Task item
Leave out the pictures, and reproduce exactly the lines from the line containing "Lesné spoločenstvá" through the final line of the entries.

(Dataset excerpts)

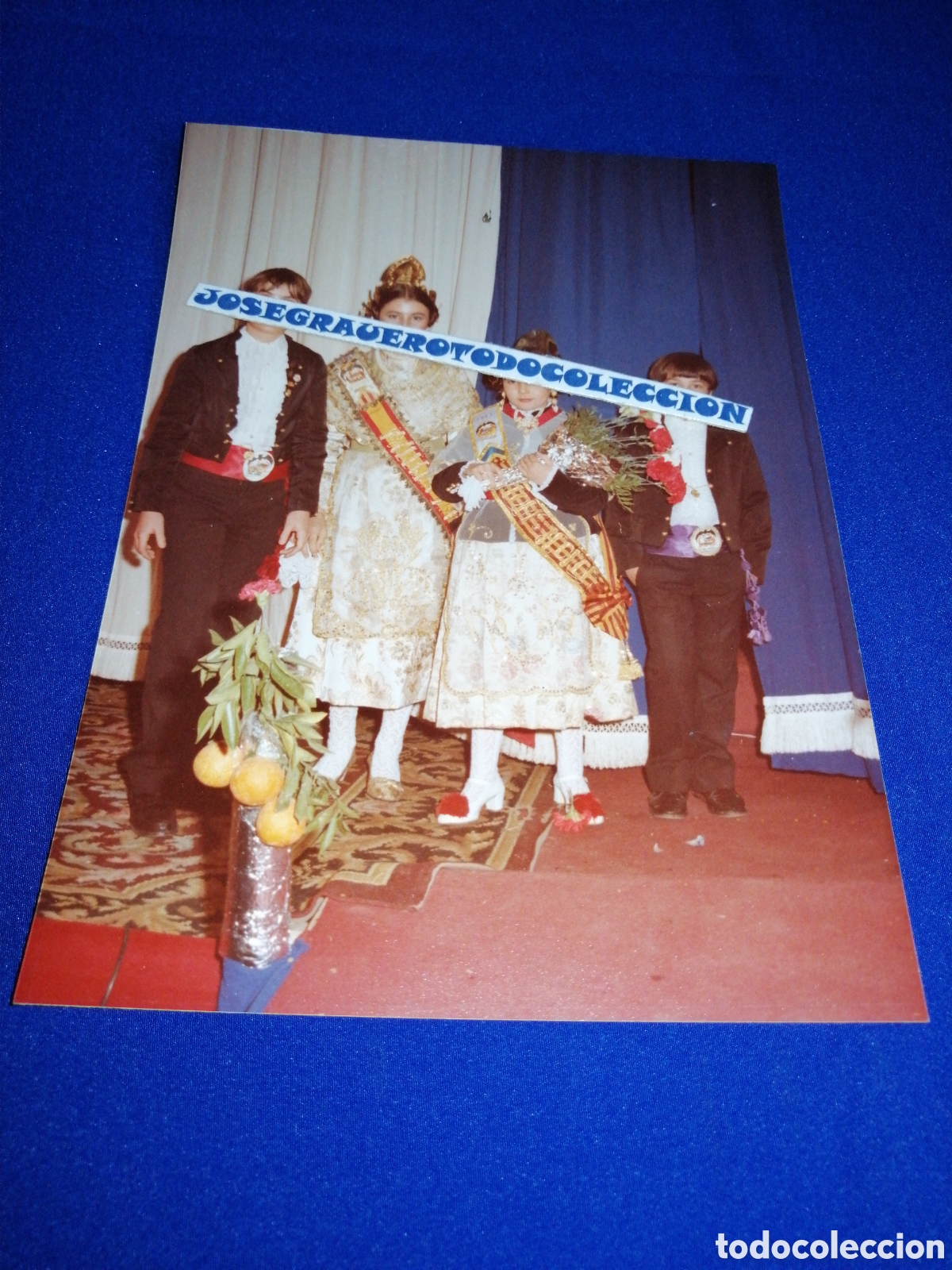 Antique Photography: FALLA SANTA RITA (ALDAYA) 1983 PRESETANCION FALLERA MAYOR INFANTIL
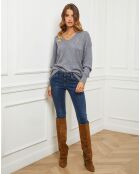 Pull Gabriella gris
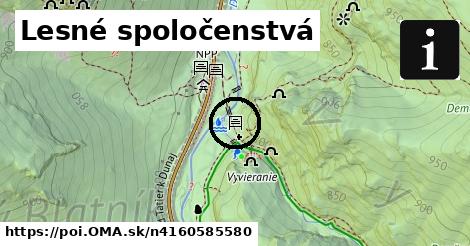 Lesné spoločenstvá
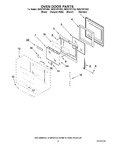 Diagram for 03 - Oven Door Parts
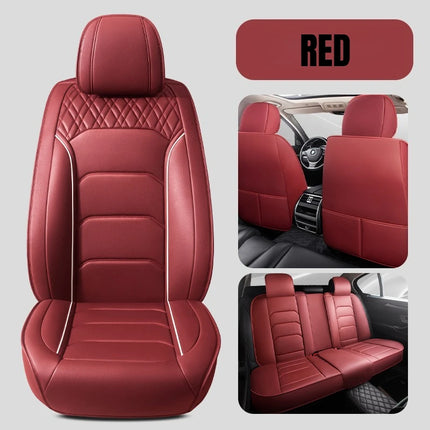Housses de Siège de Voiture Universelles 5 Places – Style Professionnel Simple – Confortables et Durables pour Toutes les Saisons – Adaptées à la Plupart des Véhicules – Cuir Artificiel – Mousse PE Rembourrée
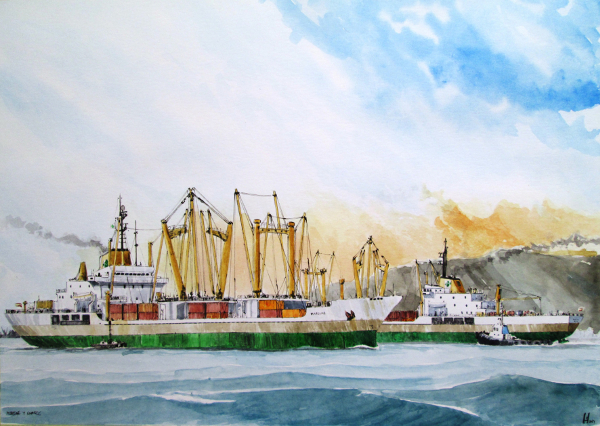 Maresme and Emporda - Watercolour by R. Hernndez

(End Dataset excerpts)

Your solution
 Lesné spoločenstvá
 Diagram for 03 - Oven Door Parts
Housses de Siège de Voiture Universelles 5 Places – Style Professionnel Simple – Confortables et Durables pour Toutes les Saisons – Adaptées à la Plupart des Véhicules – Cuir Artificiel – Mousse PE Rembourrée
 Maresme and Emporda - Watercolour by R. Hernndez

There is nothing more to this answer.